One year ago today, the Montreal Canadiens were in disarray. They had just fired their head coach Guy Carbonneau. They were heading south in the standings going weeks between wins. As the season concluded, the club made the playoffs on the strength of an overtime loss and three regulation losses in their last four games. Obviously, they backed in.

The Habs were the second worst team in the entire National Hockey League after the All Star break last year - an All Star game in Montreal with the Habs well represented and Carbonneau as one of the assistant coaches. However, from the day of that All Star game it was an astounding trip downhill.

When last season concluded, the future for the Habs looked very grim. Ten unrestricted free agents were awaiting contract offers and a chance to choose to stay in Montreal or look for another home. Bob Gainey, the GM, had other ideas. These ideas were so bold it has been completely lost, I believe, on most people in hockey that Gainey may have made the gutsiest moves in the NHL in three decades.

Historic

The only move that I can recall that rivals Gainey's decision to clean house so entirely that ten UFAs were sent on their way is when Sam Pollock traded Ralph Backstrom to Los Angeles, because he owned the top pick of Oakland and wanted to be sure that L.A. improved enough to pass Oakland in the standings. The move paid dividends as Pollock got the first pick overall and drafted some kid named Guy Lafleur.

That was the stuff of genius, and I am under the impression that Gainey's moves in the off season were just as spectacular.

Addition by subtraction

Look at the ten players that were let go. Not even a single one of them is having much of a season. Koivu is aging by the month. Kovalev is inspired once a month. Tanguay is on one of the highest scoring, most prolific teams in the league in Tampa, playing with great scorers, yet he somehow is managing to not score much. Lang had a good start in Phoenix but has tailed off. Higgins might just be out of the league in a couple seasons he is struggling so remarkably. Komisarek misses Markov.

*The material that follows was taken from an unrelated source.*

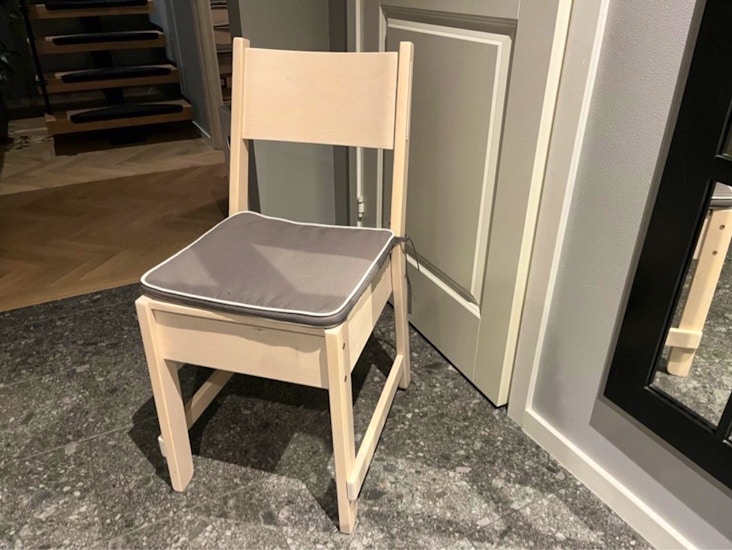 5 st stapelbara trästolar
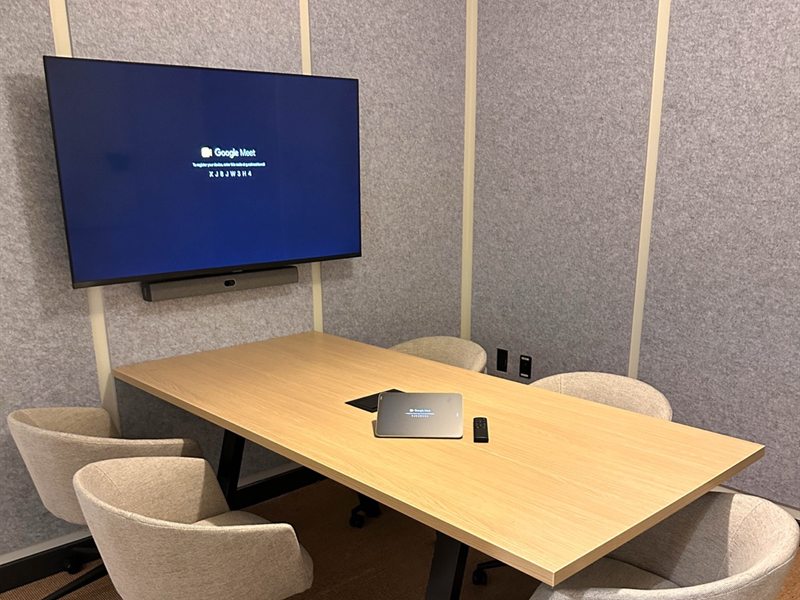 Six-seat huddle room with a wall-mounted display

The others aren't even in the league anymore, or you can't even remember their names. Can you imagine how bad the Habs would be this year with all of those players back in the fold here had Gainey gone with the status quo? I shudder to think.

United locker room

Gainey looked around the room after he was a head coach last year and decided he didn't like what he saw. He knew he had to change the chemistry of the room. He did in a most complete way.

Instead of two solitudes, hockey style, Koivu vs. Kovalev, we have one solitude with everyone pulling the rope in the same direction. The player's roles are well defined. The scorers are scoring. The checkers are checking.

That credit goes in large part to a professional coach Jacques Martin. I don't have to tell you who hired him do I?

One mistake

With the Habs riding a five game winning streak, it's time to give credit to the former GM who rebuilt a franchise last summer. I think Gainey made only one mistake, and it has nothing to do with the talent of the player. Scott Gomez is playing very good hockey, but he makes a lot of money at over $7 million a season.

You have to get 90 points from that kind of monied player and it does hamstring the salary cap ceiling if the $7 million dollar man can't produce like it. That's the only decision I am willing to give Gainey any flak over. The rest? Look at where the Habs are and where the Habs could be without a brilliant Gainey.

One year ago vs. today looks like this for the Habs: Second worst team in the league after the all-star break vs. a club on a 5 game winning streak. Dressing room divided vs. dressing room pulling in the same direction. Head coach fired vs. professional head coach. Old aging veterans on the downside of their careers vs. players with some upside still and some skillful years left.

Night and day isn't it?

Gainey has pulled off a transformation in every way in this franchise.

I could go on as well and mention that the Pouliot vs. Latendresse trade is going to go in Montreal's direction in a big way as the years pass. Another Gainey move.

Bob Gainey maybe had his best 12 months as a GM in his last 12 months. I'm confident history will record this to be true as the players he let go continue to regress while the free agents he signed and the traded players he acquired will move forward shining more brightly with the passage of time.